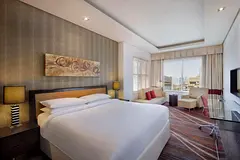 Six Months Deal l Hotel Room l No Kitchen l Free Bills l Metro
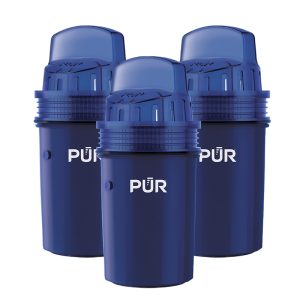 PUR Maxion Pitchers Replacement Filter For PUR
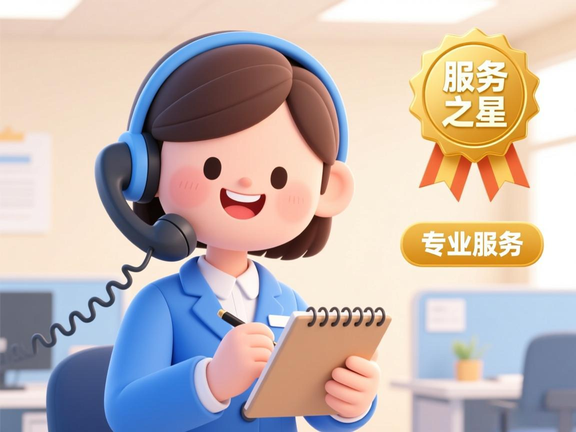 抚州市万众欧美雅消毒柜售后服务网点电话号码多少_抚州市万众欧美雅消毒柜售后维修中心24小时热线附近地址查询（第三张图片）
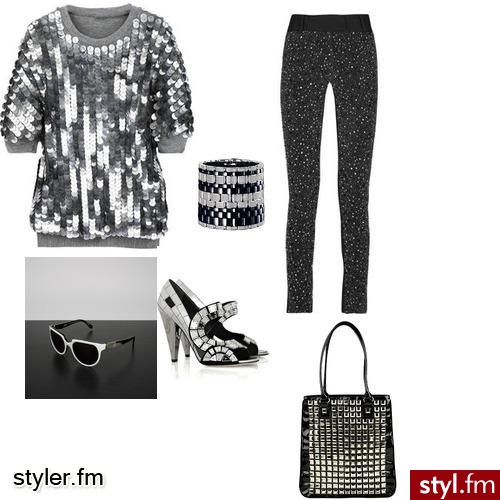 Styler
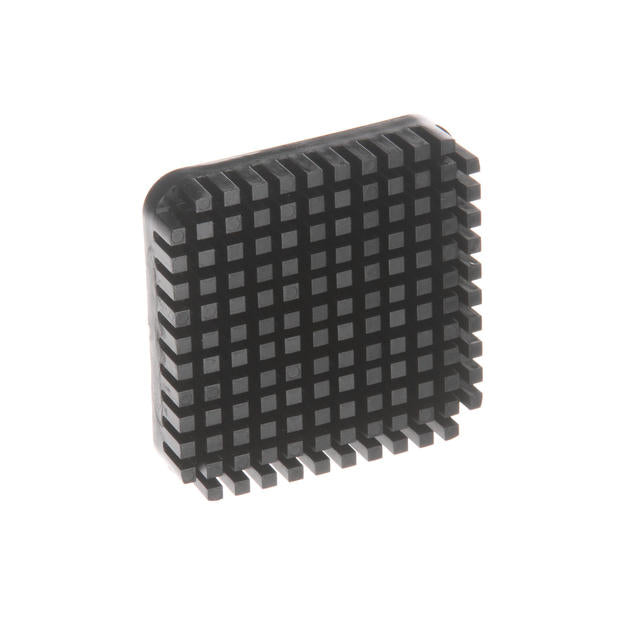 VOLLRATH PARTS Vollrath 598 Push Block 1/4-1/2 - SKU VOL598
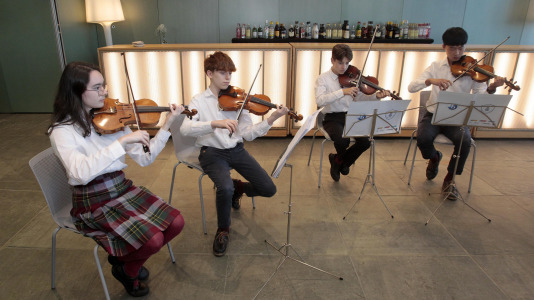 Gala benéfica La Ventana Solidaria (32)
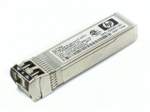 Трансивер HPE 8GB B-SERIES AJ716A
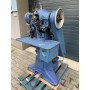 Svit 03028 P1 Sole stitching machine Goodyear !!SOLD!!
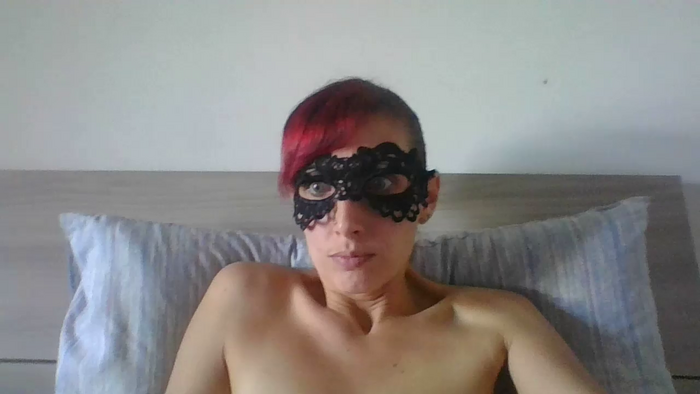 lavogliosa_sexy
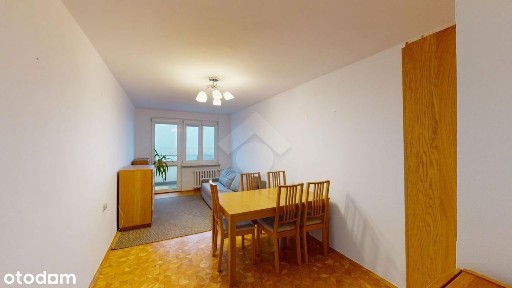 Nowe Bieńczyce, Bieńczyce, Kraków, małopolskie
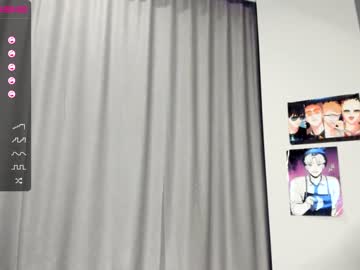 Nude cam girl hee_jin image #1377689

++++++++

Work order
In the records above, find the line that contains "Svit 03028 P1". Retype it and every line after it, exactly, leaving out all pictures.

Solution
 Svit 03028 P1 Sole stitching machine Goodyear !!SOLD!!
 lavogliosa_sexy
 Nowe Bieńczyce, Bieńczyce, Kraków, małopolskie
 Nude cam girl hee_jin image #1377689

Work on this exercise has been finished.